When your car needs work, you see a mechanic.
But who do you see when you need work?
Not your health, your skills, or even your behaviour. Just you. What do you do when the world tells you that you’re broken?
I am slow, my brain does strange things, I overthink, I get anxious, most of the time I’ve got no motivation. On some days when I do have motivation, I have too much, I can’t point it in the right direction, and I spend all my time working on something that isn’t important, or turns out to be pointless. Sometimes I can’t pick things up, other times I can’t put them down.
It seems like I shouldn’t be in control of own life… But I don’t like it when I’m not. I work best with deadlines even though I hate them, and I like being flexible even though its not good for me. I crave instructions, but hate people telling me what to do. Things I am supposed to care about slip my mind, unless someone else constantly reminds me. I have minor control issues and a severe lack of social skills and basic conversational awareness. It took me until I was 25 to realise that a conversation actually requires me to engage with the other person, rather than just sitting there and answering questions like a socially awkward vending machine. It was also about then that I realised that I was control freak. But only because somebody else pointed it out.
The first time I did a personality test, and looked at my results, I was offended.
I’m rather disagreeable, and have severe introverted tendencies. I am highly neurotic and have a remarkably low level of contentiousness. I am prone to depression, and have erratic hormones. I tend to be highly sensitive, and more than slightly cynical. I struggle with a variety of bad behaviours that have wrecked havoc on my brain, and seem to have some deep rooted fear of living an ordinary normal life. My only savings graces (apart from God and long suffering family members) perhaps are my creativity, problem solving skills and sense of humour.
All this means is that I tend not to fit into normal ordinary things. And I usually don’t want to.
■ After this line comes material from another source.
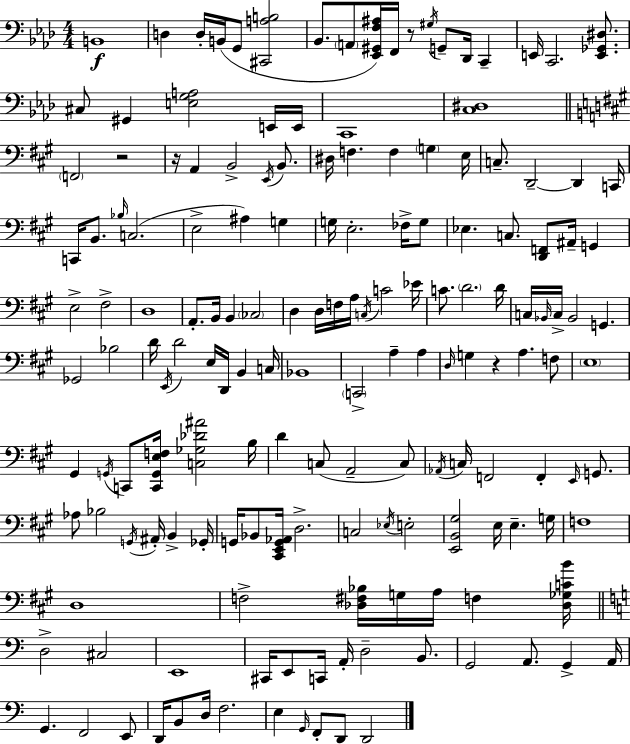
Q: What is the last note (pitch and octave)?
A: D2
As a child I enjoyed being different, it was something like a mark of pride. And even if occasionally things got a bit difficult, I mostly just shook it off, though only after hiding somewhere and crying for a while. But then, the years ticked by and adulthood and real life responsibilities crept up behind me and whacked me in the back of the head. I slowly, ever so slowly, came to realise that all my quirks, when they get out of control, combine to make me a person who wasn’t very good at doing normal, basic things. Things like having a conversation, getting a job or being awake during acceptable hours. I am exceedingly grateful that I’ve never lived alone or else I might have simply melted into a puddle in the corner somewhere.
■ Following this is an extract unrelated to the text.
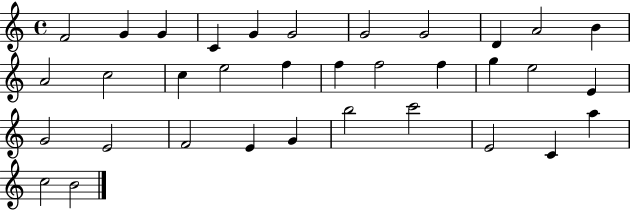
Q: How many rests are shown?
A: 0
What do you do when you don’t fit the world? When all the holes around you are circular but you have corners?
Most advice comes in the varying flavours of “just get over it”. Most people aren’t in the privileged position to be able to choose what they do in life, to any great degree. And this blunt advice has merit. You need to eat, you need to pay for your house, your pets and your family. What do you do? You get the best paying job that you can afford and hope you don’t hate it.
Lazy? Get over it. Wake up at midday? Just go to bed earlier. Depressed? Just smile anyway.
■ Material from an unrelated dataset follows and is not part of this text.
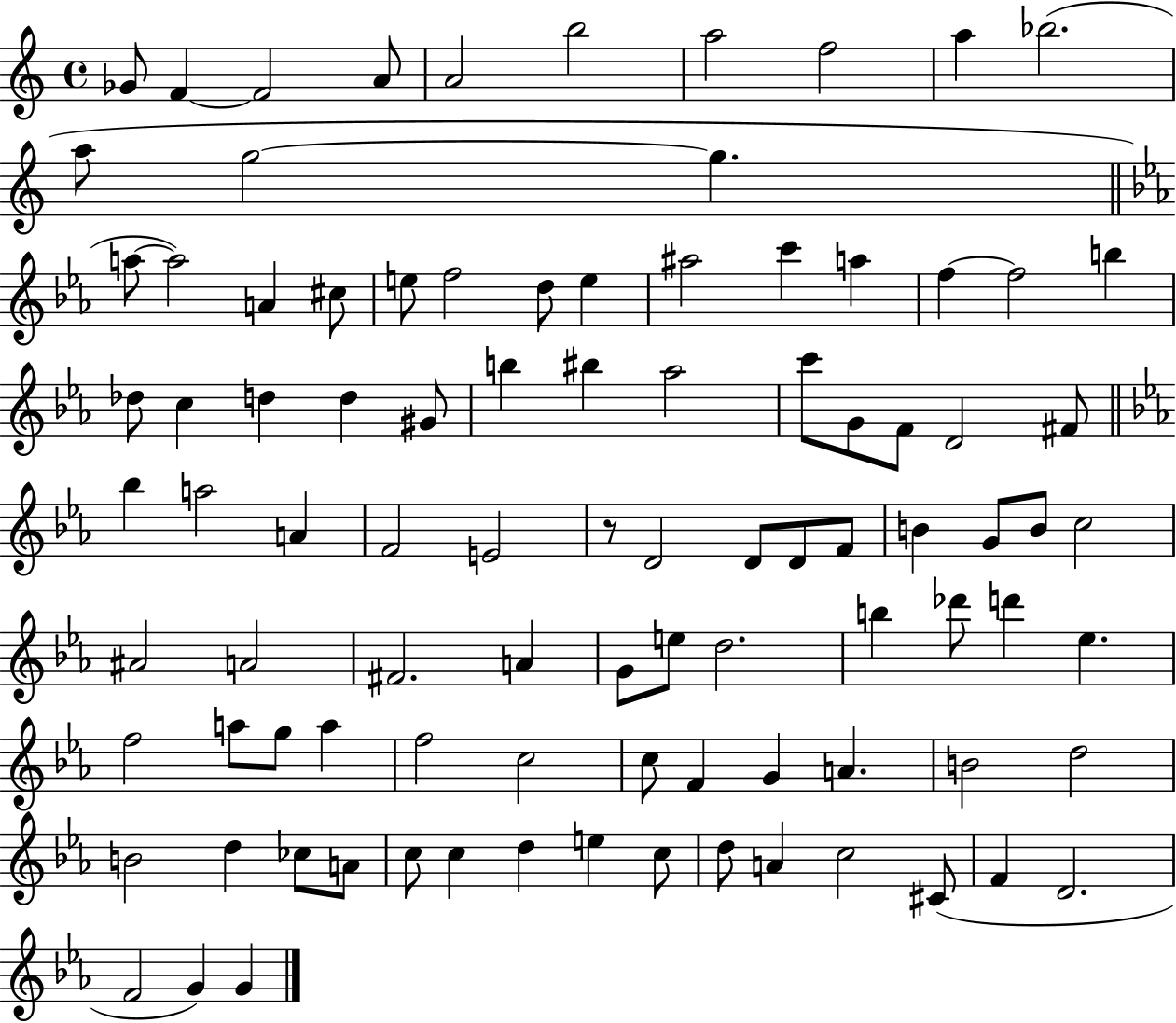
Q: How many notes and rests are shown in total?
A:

But what if you can’t? What if you can’t just do what everybody else seems to be able to manage? You push the start button, but nothing happens. What if you’re broken?
I don’t have an answer to this question. Life is rarely so accommodating. Most likely I’ll end up with some dead-end job handed to me by a friend, sleep in someone’s basement or spend most of my life in the welfare cesspool with the whole world telling me I’m worthless. But maybe, if God is with with me, I’ll be able to find one of those illusive square holes to put myself in, or somehow manage to dig my own.
The last option of course, is to cut bits off. Rearrange things, and move things about. Cut off the corners and the bits that don’t look normal, until you can squeeze yourself into one of the round holes, like everybody else… But I’d rather not have to do that, if I can avoid it. I actually like my corners, though sometimes they get in the way.
If I can only figure out how to work with them, I might find a place where I can actually fit, while being myself.
Sometimes the world needs corners.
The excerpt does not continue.